Joe Swanberg continues to rise through the ranks of independent film directors with his follow-up to 2013's well-received Drinking Buddies. This time, instead of focusing on the impossibility of male-female friendships, Swanberg centers his plot around the neurosis brought forth by the appearance of family. Playing the lead character, Jeff, Swanberg falls somewhat short in an acting capacity, which is only part of what makes this film a pale comparison to Drinking Buddies.
After breaking up with her boyfriend, the reasons behind which remain nebulous, Jenny (Anna Kendrick, one of those inexplicably annoying actresses you can't pinpoint exactly why you dislike) takes advantage of the kindness of her brother, Jeff (Swanberg), who offers her his basement in Chicago. Jeff's wife, Kelly (Melanie Lynskey, who you may recognize as the Jaclyn Smith-wearing, baby-toting in a bar woman in Sweet Home Alabama), becomes averse to Jenny after she gets trashed on her first night staying with them. Upon attending a party with her friend, Carson (the always blah Lena Dunham), Jenny gets out of control with her drinking and weed-smoking, prompting her to stubbornly pass out on the hostess' bed.

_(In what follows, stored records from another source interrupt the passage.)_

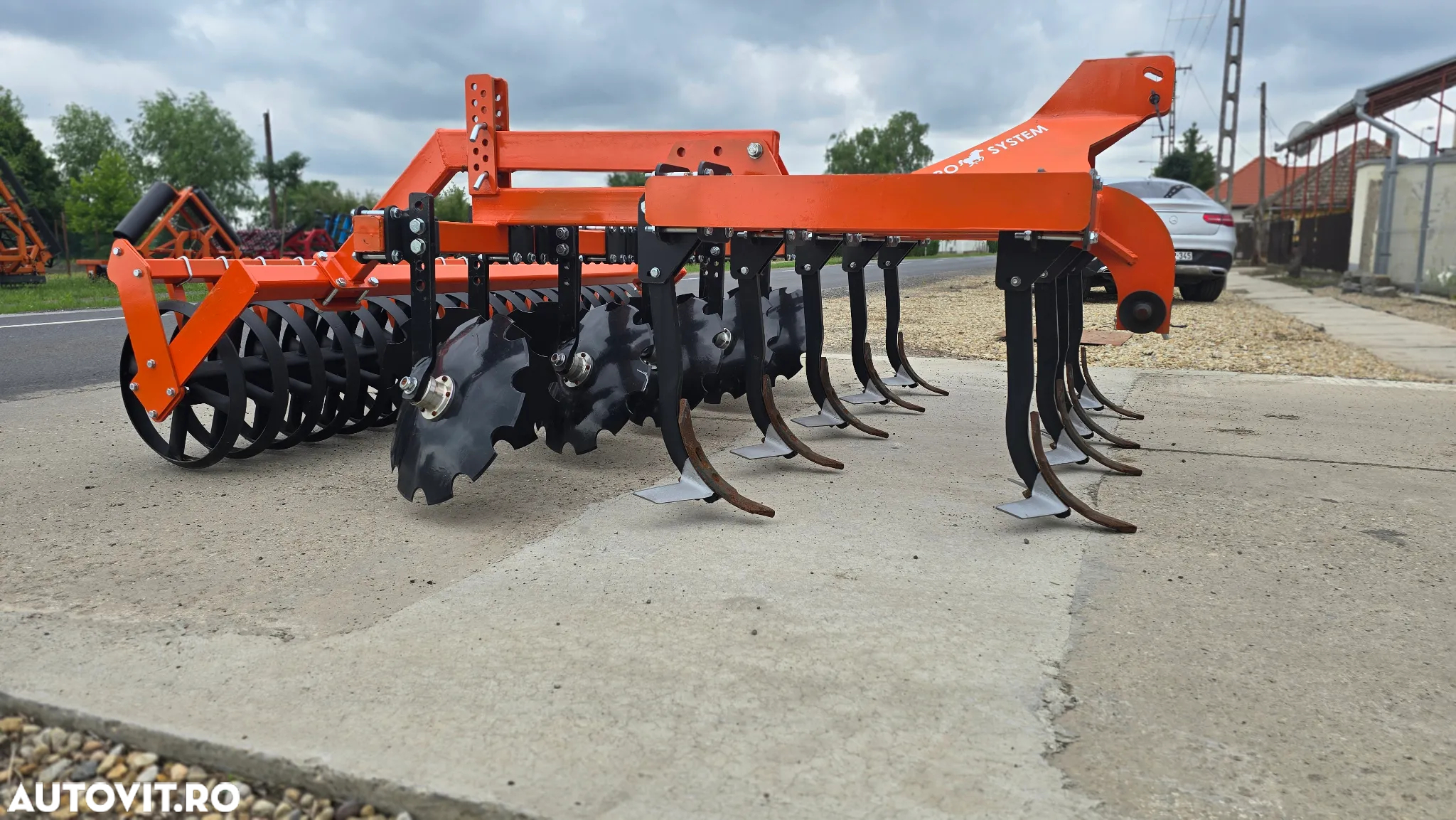 Rotor Innovation Gruber M1 - 12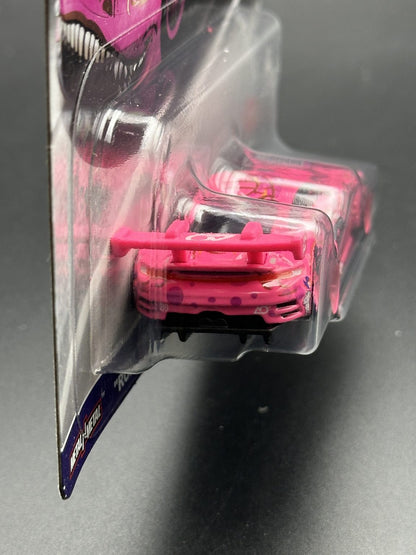 HOT WHEELS - ROXY PORSCHE 911 GT3 R (2024) - CHASE - CAR CULTURE - HW RACE DAY CHASE 0/5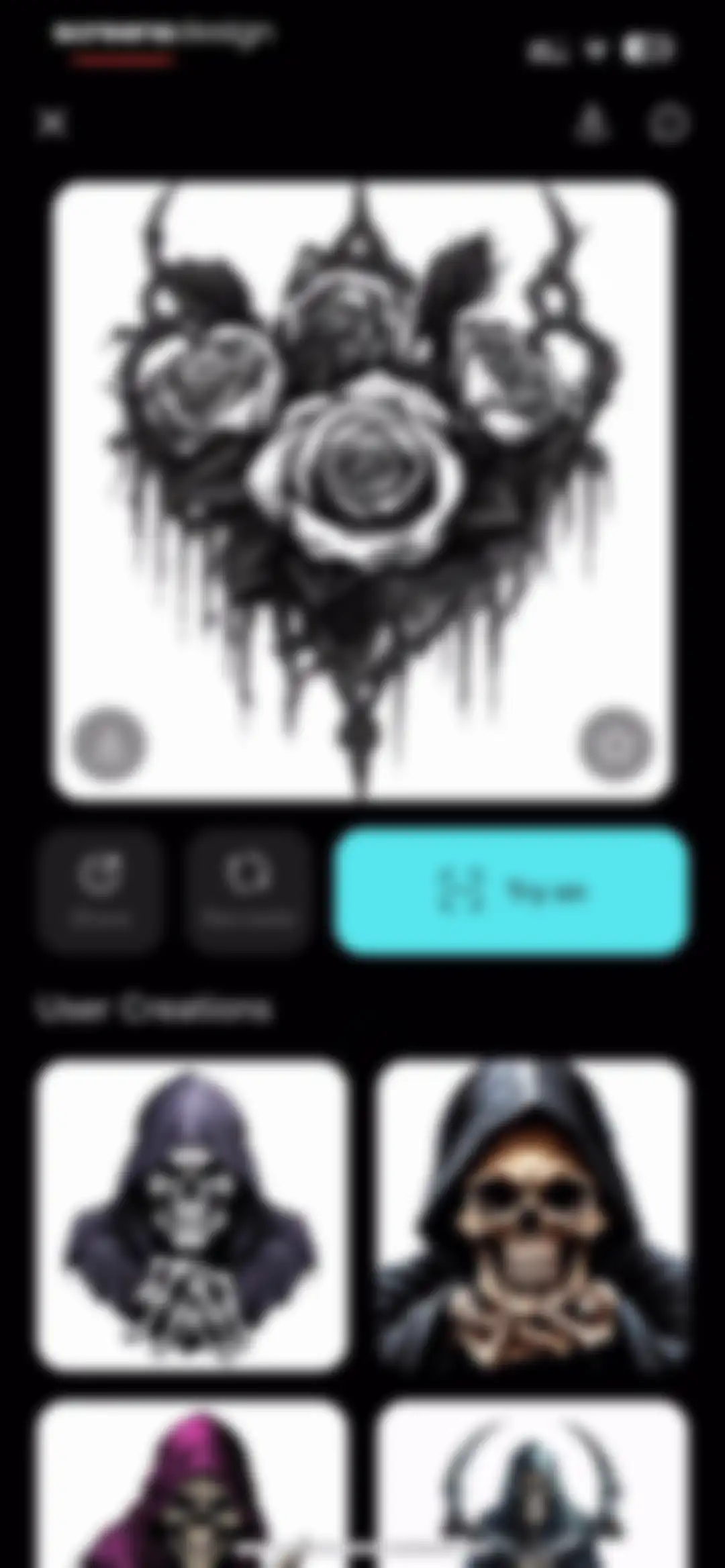 Ai Tattoo Ideas-Art Generator screen 52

Concerned about her behavior, Kelly feels reluctant about letting her watch Jude (Joe Swanberg's real life baby of the same name), their two-year-old son. Jenny, who was supposed to watch Jude the morning after her party, ends up being too hungover to do so, leading Kelly to call their former basement resident, Kevin (Mark Webber of Snow Day fame), to care for her son while she goes to brunch. Jenny awakens to find Kevin in the living room, and the three end up going to the park together. When Kelly returns, Kevin takes off, but not before getting Jenny's number so he can "lend her some DVDs"--a.k.a. sell her pot when she needs it. Jeff urges Kelly to give Jenny another chance to prove that her fuck-up was a one-time instance, and so, with no mask of certainty, Kelly leaves Jenny alone with Jude while she runs some errands.
After successfully keeping Jude alive for a few hours, Jenny and Carson pour themselves some drinks from the tiki bar in the basement and invite Kelly to join them. A few sips of beer later, Kelly confesses to feeling a tinge of resentment toward Jeff because she's the one who has to watch Jude all the time, leaving her no opportunity for writing (she had previously written one novel). Jenny and Carson encourage Kelly to keep writing and convince her that she can "have it all."
Filled with a renewed sense of hope for her career's potential as a result of this conversation, Kelly asks Jeff for the Christmas present of being able to go somewhere and write in private. Jeff is happy to oblige, offering up his empty production office as a quiet place for her to work. In the meantime, Jenny keeps herself busy by fucking with Kevin's head. Clearly the one who's more into it, Kevin treats her well and buys her a gift for the holiday, though ultimately ends up pissing her off anyway because he won't come home with her on Christmas Eve (he wants to, but has to wake up early to go to his mother's house the next day--proving that a mother always trumps a girlfriend in these Oedipal times). With her self-esteem in a shaky state after being what she perceives as rejected, she goes back to the basement and proceeds to drink and smoke weed. In this altered state, she puts a frozen pizza in the oven and forgets about it. About an hour later, the house is filled with smoke, setting off the alarm and waking up everyone else.
Jenny's selfishness and lack of concern is, presumably, supposed to be fascinating to the audience, but, for the most part, it's just vexatious. The main issue with Happy Christmas is how hard Swanberg tries to make his characters seem complex through simplicity, but with dialogue that consists primarily of "like" and "sorry," becoming engaged is a somewhat difficult feat.